When I met and worked for Us in a Bus a few years ago, I felt very enthusiastic about the challenge of creating a positive and playful interaction with people with PMLD and with autism and using my previous experiences; I was very curious. In addition, I shared the same values as them, which for me was the icing on the cake! At the same time, I discovered Intensive Interaction and it has been for me a revelation – I finally found the key to connect with people who didn’t speak my language and it has been also a part of the response to my questioning! I felt so privileged to be able to communicate with the people I worked with by simply using their language and learned from them as they learned from me. This seemed to me the way I always wanted to work but I didn’t have the key before! This experience was the starting point of a huge change in my way of supporting people.
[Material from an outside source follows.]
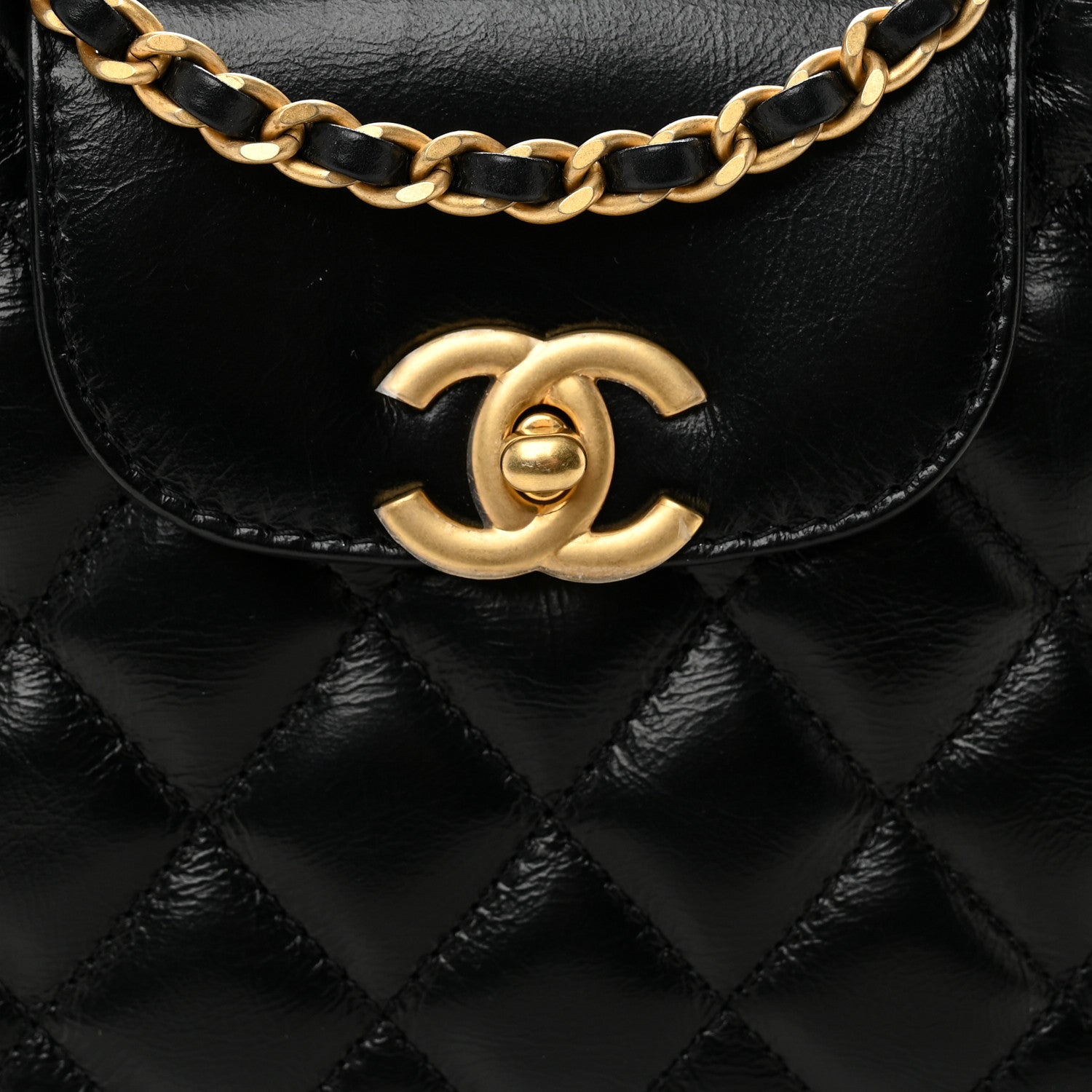 Chanel Shiny Aged Calfskin Quilted Nano Kelly Shopper Black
I have now moved back to France and work with people with learning disability and autism. In France, Intensive Interaction is not widely known about. It seems still difficult to support people in meeting their own individual needs. Even after 10 years out of the French system I don’t think things have moved on in the way support workers communicate with the people who they work with. When I hear people talking about their job, they talk about supporting people, but I never hear the term “communicating” with people. In my mind, this is a major issue in the way we work because, how can we support people without thinking about communication?
Where I work, day after day I use Intensive Interaction with the residents and share my experience with my colleagues. By using Intensive Interaction to communicate with people I work with, I can see the difference in how they feel; they seem more relaxed and engaged in the relationship. It is 4 months now, since I began to work in this institution and some of my colleagues, the less sceptical ones, have begun to recognise and appreciate the way I interact with the residents and communicate with them. I am quite optimistic and my project will be to give them the opportunity to be trained in Intensive Interaction to permit people to have a better life and also to be accompanied in a respectful way.
Previously, I talked about the core value and I think it is the link between me, Us In A Bus, Intensive Interaction and France. We all want the best for people and want to give to everyone the right to communicate. Putting people we are working with first, recognising who they are, respecting them how they are and also placing ourselves at the same level, are the first steps of establishing a deep communication with different people.
At the moment we begin to talk about “humanitude “ in France and in this word we can hear Human; to consider everyone as a human and integrate them into society, isn’t the first principle that people should learn communication with others? I firmly believe Intensive Interaction will help us to achieve this in France.